Write out the lines below exactly, beginning at the one with "D is for Drum, a" and stopping after the one with "When mixing with"; the pictures are not copied.

[Stored data entries]
+-------+

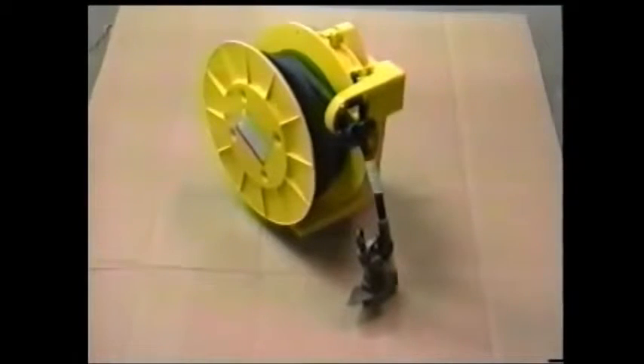Hastings Fiberglass Products, the most progressive manufacturer in the hotline tool industry, is proud to take this opportunity to introduce you to one of our products: the retractable truck grounding reel.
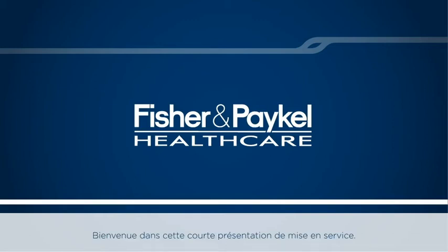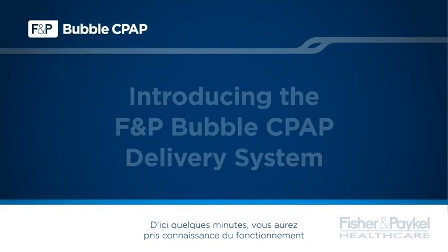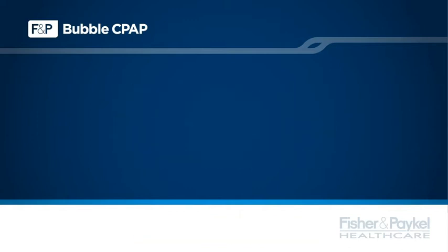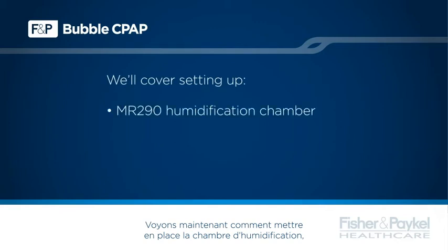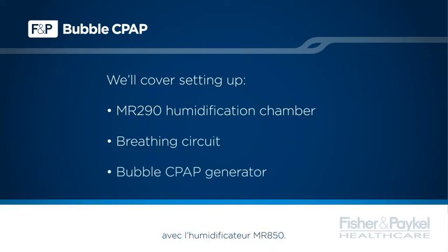Welcome to this short in-service presentation. In the next few minutes, we will become familiar with the Bubble CPAP delivery system. Always refer to the user instructions supplied with the product for a full list of instructions, warnings, contraindications and explanations. Let's now look at how to set up the humidification chamber, breathing circuit and Bubble CPAP generator with the MR850 humidifier.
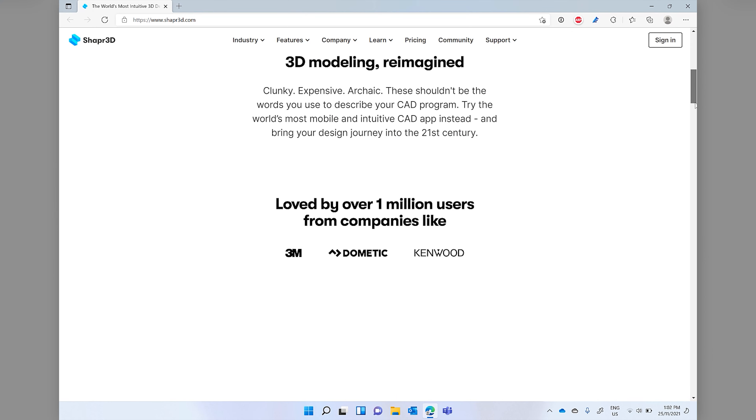With Shapr3D, when I come across a problem that a 3D print could solve, I've been able to go from idea to 3D print much faster than I could with previous tools. While it's in beta and I have seen a crash here or there, I've never lost any data, and it's an absolute pleasure to work with.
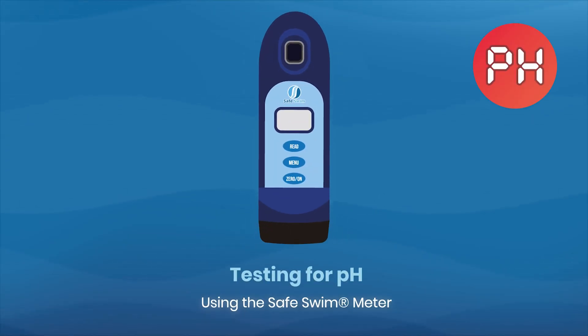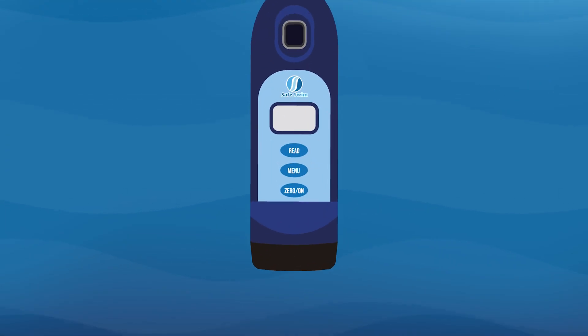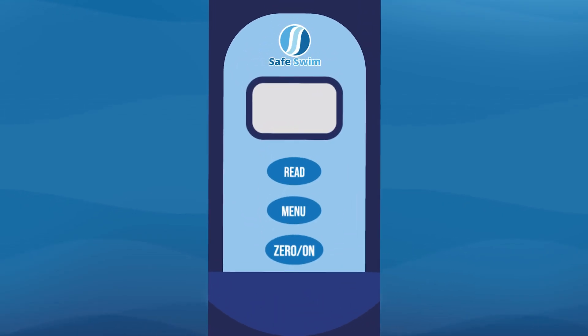Testing the pH using the Safe Swim meter. First, press the zero/on button to power on the meter. Once on, set the meter to test the pH by pressing and re-pressing the menu button until the display reads pH.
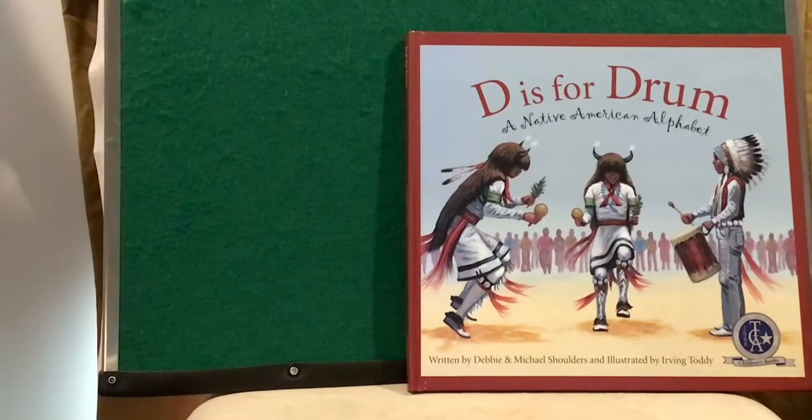D is for Drum, a Native American alphabet written by Debbie and Michael Shoulders and illustrated by Irving Toddy.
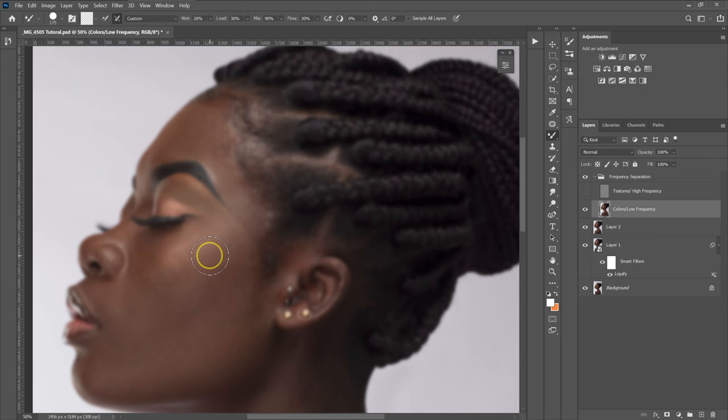When mixing with the Mixer Brush, the moment you left-click or place your pen on the Wacom tablet, you've sampled the color at that specific place — you're telling Photoshop this is the color you want to mix. When you left-click on a specific place, don't let go; hold and keep mixing. When you're done mixing that part, let go, then move to another place, left-click and hold, and mix that place. Keep repeating that process.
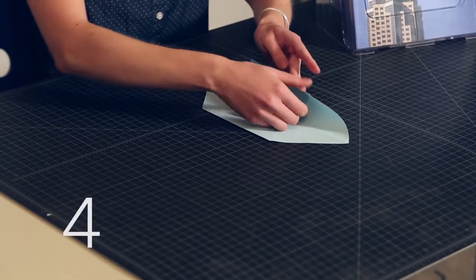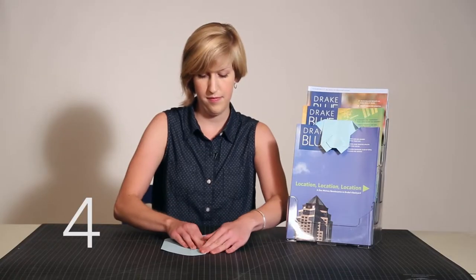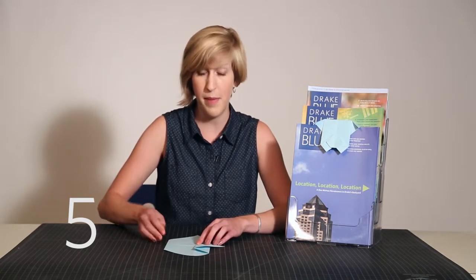Step 4: fold the left edge into the center. Step 5: fold the right edge into the center so it matches the left.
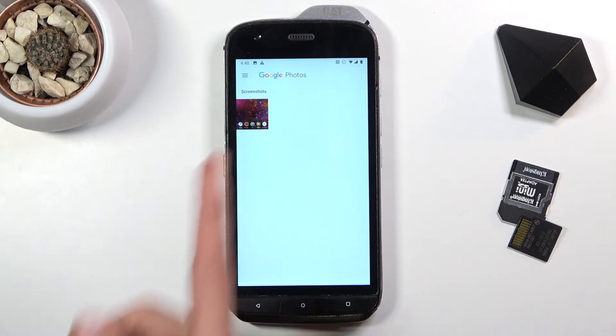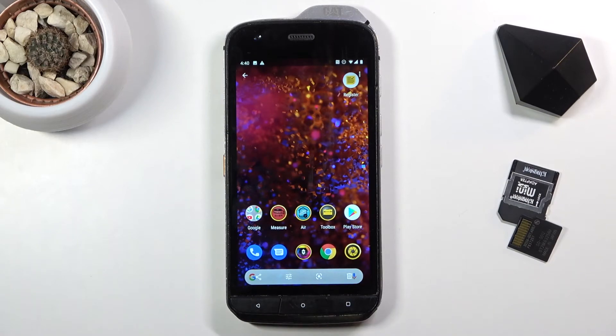And you can see it right here — the screenshot. There it is. So that is how you capture a screenshot on this phone.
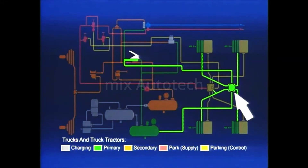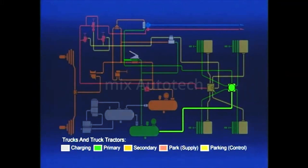A relay valve is usually installed on or near the axle or axles it serves — in this case, the rear axle. The valve requires a control or service connection to the delivery of the brake valve, a supply connection to the air reservoir, and delivery connections to the brake actuators.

+-------+

■ **Exercise response**:
D is for Drum, a Native American alphabet written by Debbie and Michael Shoulders and illustrated by Irving Toddy.
When mixing with the Mixer Brush, the moment you left-click or place your pen on the Wacom tablet, you've sampled the color at that specific place — you're telling Photoshop this is the color you want to mix. When you left-click on a specific place, don't let go; hold and keep mixing. When you're done mixing that part, let go, then move to another place, left-click and hold, and mix that place. Keep repeating that process.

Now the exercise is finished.